- Description of the task: Starting at the line below with "3-salle Appartement à" and stopping at the line with "RunFindlayRun's tweet image.", please print each line exactly, those two included, and skip every picture.
[[ Source data open ]]
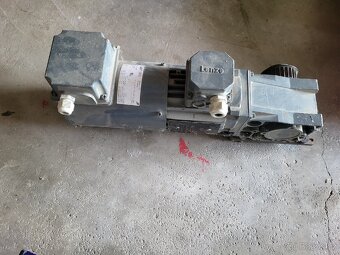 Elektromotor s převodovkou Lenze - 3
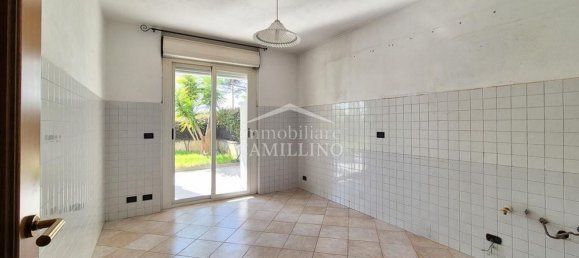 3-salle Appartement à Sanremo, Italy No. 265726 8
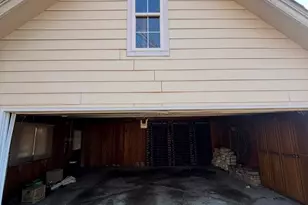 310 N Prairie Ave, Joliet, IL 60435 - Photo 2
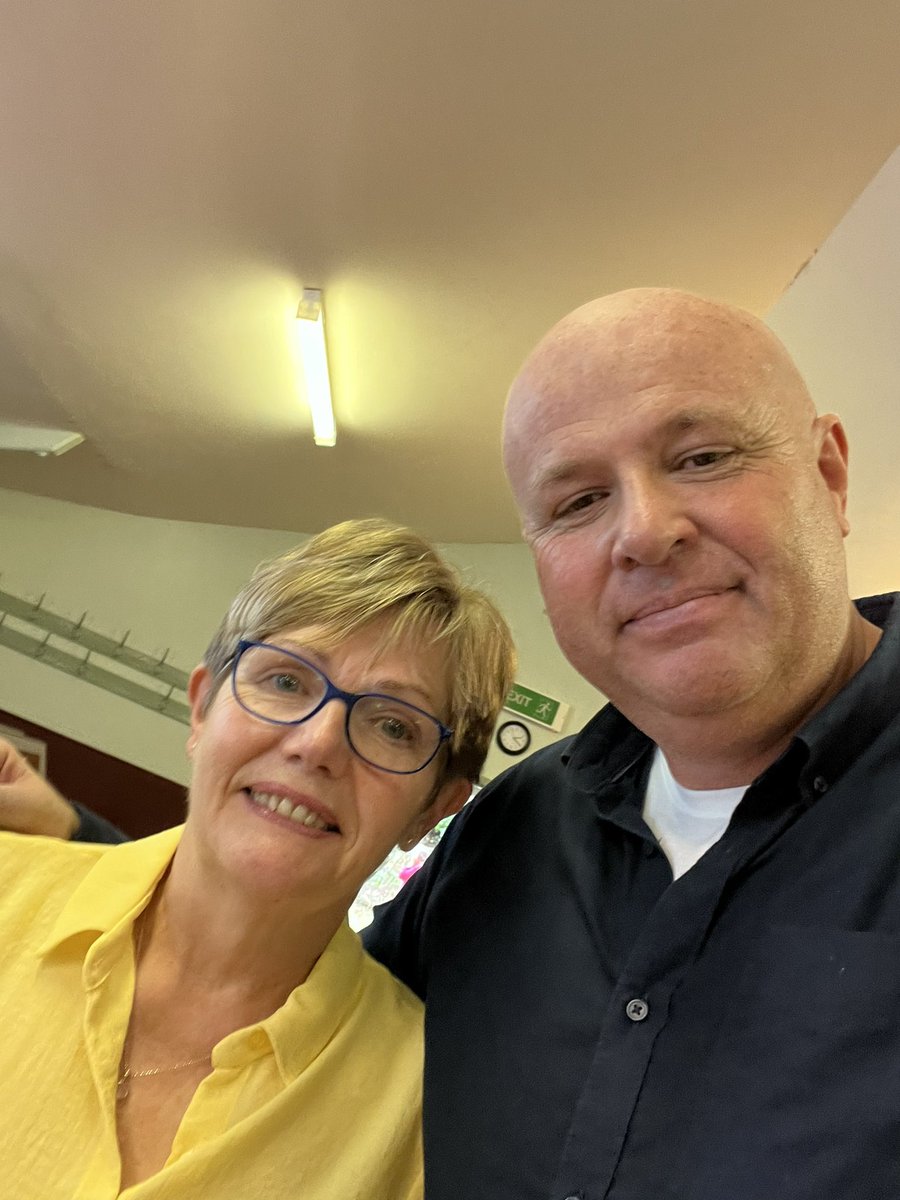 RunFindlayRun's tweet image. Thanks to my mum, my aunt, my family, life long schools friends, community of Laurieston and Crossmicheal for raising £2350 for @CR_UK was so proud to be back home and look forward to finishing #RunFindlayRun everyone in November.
[[ Source data closed ]]
[[ Source data open ]]
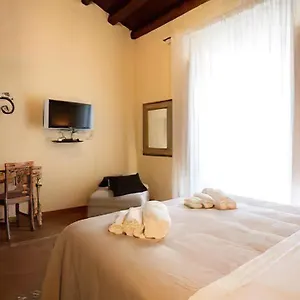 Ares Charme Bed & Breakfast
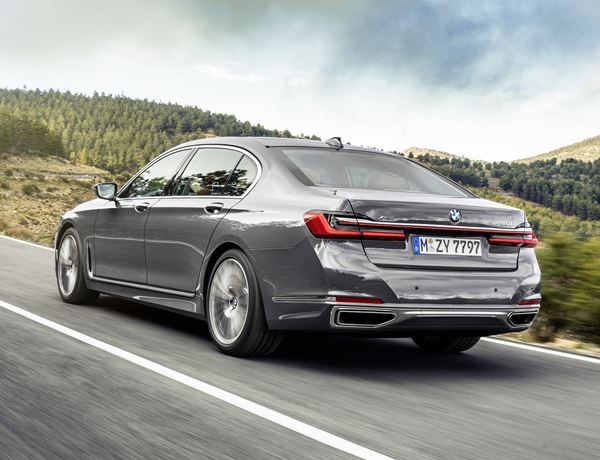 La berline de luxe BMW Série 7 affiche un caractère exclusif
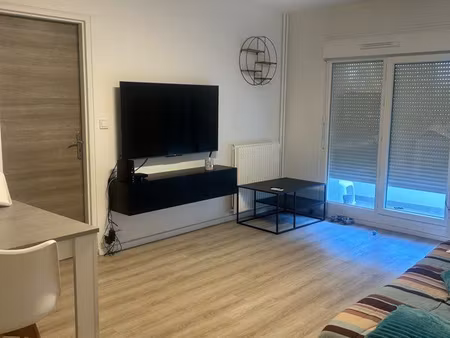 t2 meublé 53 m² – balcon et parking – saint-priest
[[ Source data closed ]]
- Exercise response:
 3-salle Appartement à Sanremo, Italy No. 265726 8
 310 N Prairie Ave, Joliet, IL 60435 - Photo 2
 RunFindlayRun's tweet image. Thanks to my mum, my aunt, my family, life long schools friends, community of Laurieston and Crossmicheal for raising £2350 for @CR_UK was so proud to be back home and look forward to finishing #RunFindlayRun everyone in November.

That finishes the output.